*About this task:*
Transcribe exactly the lines below that begin at the line with "Princess Cut Halo Diamond Engagement Rings" and stop after the line with "2 cttw Halo", leaving out every picture.

*Working data:*
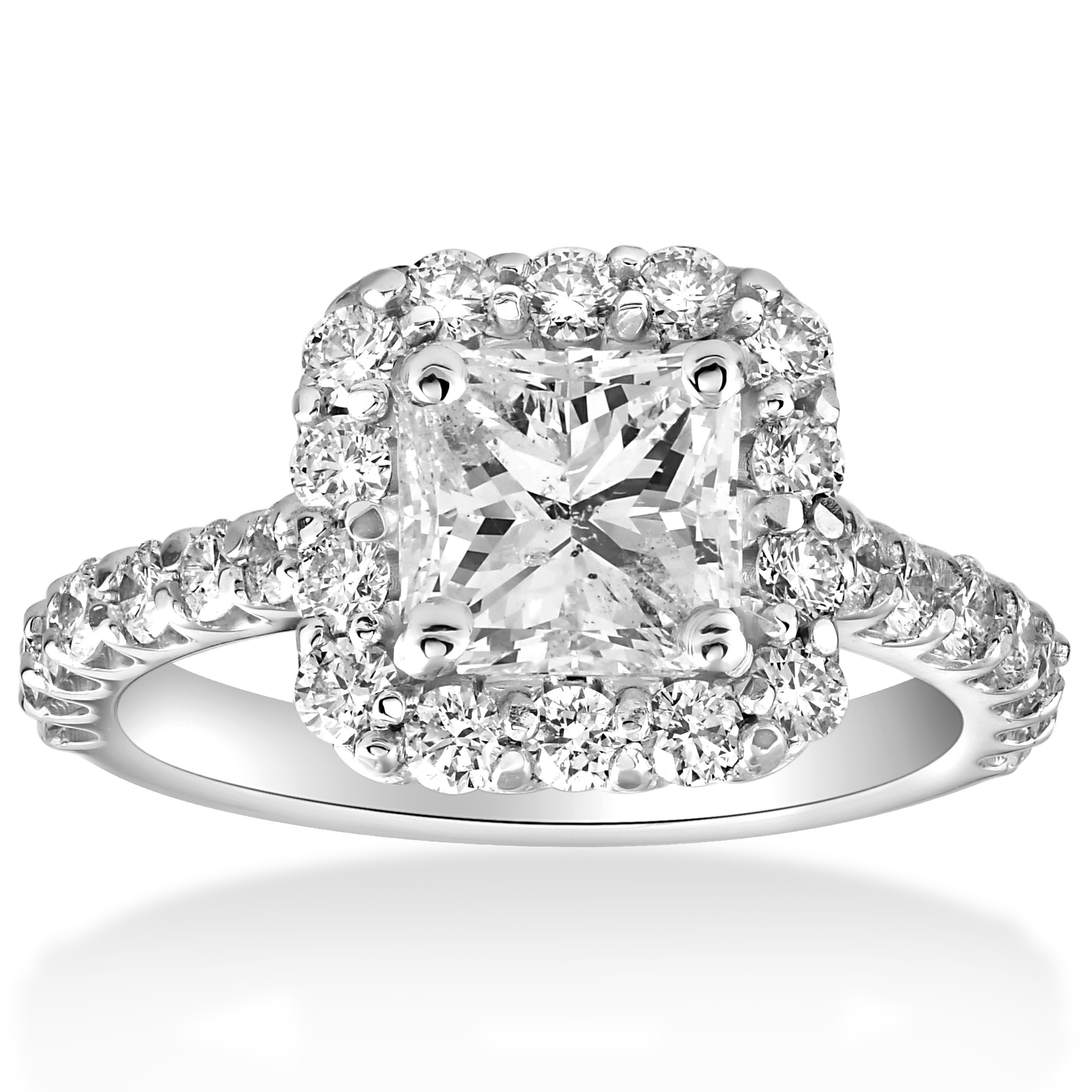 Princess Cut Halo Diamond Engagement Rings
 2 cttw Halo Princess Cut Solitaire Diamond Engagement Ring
---
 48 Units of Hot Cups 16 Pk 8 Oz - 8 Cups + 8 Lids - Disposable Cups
...
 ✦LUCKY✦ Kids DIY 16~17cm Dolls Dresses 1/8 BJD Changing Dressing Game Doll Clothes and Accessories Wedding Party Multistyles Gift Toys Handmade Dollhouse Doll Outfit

*Answer box:*
 Princess Cut Halo Diamond Engagement Rings
 2 cttw Halo Princess Cut Solitaire Diamond Engagement Ring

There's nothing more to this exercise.